Randall Forsyth writes for Barron’s about the potential harm linked to new tariffs on foreign steel and aluminum.

Beyond the markets’ unsteady situation, the economics of the tariff decision are, at best, curious. Just as taxes were cut and spending was boosted—and as the economic expansion approached its ninth anniversary with the jobless rate at what’s generally considered full employment—the administration is imposing protectionist tariffs on a U.S. manufacturing sector that’s cooking. Last week, the Institute for Supply Management reported that its manufacturing gauge had hit a new high for the cycle in February, 60.8, up from 59.1 in January and far above the 50 mark that denotes expansion.

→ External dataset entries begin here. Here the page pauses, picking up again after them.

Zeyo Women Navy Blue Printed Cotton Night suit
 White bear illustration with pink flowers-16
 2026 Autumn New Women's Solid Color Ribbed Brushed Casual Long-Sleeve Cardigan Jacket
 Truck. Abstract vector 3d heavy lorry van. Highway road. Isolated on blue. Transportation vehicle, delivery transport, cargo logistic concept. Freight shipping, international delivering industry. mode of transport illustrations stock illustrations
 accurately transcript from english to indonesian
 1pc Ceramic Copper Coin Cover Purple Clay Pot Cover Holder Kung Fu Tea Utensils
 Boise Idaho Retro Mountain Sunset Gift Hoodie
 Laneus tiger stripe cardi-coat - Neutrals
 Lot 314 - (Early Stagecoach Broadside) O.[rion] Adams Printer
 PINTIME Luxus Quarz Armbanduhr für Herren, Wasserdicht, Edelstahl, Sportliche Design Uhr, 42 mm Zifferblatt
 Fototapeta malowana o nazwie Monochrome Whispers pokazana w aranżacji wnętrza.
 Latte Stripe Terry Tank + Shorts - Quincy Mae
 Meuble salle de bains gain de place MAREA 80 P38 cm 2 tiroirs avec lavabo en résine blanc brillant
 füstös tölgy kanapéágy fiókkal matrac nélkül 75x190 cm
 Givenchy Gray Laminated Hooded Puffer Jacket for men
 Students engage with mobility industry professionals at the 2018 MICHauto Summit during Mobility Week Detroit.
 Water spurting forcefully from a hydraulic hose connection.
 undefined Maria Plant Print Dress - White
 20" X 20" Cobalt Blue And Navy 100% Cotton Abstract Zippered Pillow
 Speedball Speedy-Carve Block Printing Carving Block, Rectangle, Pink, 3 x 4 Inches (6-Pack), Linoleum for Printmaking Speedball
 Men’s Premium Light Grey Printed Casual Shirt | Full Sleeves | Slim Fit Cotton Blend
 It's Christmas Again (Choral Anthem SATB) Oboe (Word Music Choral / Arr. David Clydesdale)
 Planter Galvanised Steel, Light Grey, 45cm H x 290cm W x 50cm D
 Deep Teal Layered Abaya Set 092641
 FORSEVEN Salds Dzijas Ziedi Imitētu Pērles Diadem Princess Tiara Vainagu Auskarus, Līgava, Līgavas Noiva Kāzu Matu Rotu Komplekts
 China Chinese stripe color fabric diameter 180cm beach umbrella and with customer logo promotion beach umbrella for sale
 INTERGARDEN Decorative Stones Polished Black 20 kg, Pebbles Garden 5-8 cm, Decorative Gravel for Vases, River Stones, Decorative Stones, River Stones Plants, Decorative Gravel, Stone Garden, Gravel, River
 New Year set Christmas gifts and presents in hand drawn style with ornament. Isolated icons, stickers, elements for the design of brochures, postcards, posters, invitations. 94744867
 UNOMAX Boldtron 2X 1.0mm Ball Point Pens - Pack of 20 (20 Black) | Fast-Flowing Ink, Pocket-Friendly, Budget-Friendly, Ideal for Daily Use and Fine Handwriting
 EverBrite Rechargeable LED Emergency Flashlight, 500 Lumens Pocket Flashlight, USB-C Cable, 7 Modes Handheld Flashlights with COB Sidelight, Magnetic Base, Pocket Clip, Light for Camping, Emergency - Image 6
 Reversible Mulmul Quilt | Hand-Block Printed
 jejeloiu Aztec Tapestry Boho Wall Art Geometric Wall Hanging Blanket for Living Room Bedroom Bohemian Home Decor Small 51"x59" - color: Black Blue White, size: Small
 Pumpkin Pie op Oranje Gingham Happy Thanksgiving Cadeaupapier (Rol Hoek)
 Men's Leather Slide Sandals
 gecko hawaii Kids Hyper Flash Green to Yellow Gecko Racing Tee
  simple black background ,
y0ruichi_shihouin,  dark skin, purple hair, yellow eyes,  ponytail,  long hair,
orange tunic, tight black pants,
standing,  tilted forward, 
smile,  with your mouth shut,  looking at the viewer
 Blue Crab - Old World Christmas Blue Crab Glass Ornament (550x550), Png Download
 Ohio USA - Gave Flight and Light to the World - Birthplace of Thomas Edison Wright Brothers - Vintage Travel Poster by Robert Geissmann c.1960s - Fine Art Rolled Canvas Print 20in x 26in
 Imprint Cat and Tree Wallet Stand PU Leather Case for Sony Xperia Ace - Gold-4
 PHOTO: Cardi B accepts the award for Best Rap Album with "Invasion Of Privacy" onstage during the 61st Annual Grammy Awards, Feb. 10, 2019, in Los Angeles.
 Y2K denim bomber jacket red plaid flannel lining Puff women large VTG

Trump’s decision “doesn’t rely on any economic argument and instead imposes trade restrictions on national security grounds,” observe Goldman Sachs economists in a research note. But that isn’t what got markets in a dither. “This could lead to other trading partners taking similar actions and could ultimately weaken the international trade conventions, like [World Trade Organization] rules, more generally,” they note.

In other words, a trade war. To which the president tweeted Friday, “trade wars are good” when the U.S. “is losing many billions of dollars with virtually every country it does business with.” If the U.S. has a deficit of $100 billion with a certain country, “don’t trade anymore—we win big. It’s easy!” …

… That said, to use the highly technical jargon of John Ryding and Conrad DeQuadros of RDQ Economics, the tariffs “are a really dumb idea.”

“The users of steel will be disadvantaged by the rise in the price of steel and potential retaliation,” they continue. Payrolls of steel and aluminum producers totaled 203,000 in January, compared with an estimated 6.5 million in industries that use steel, such as automobile production and construction.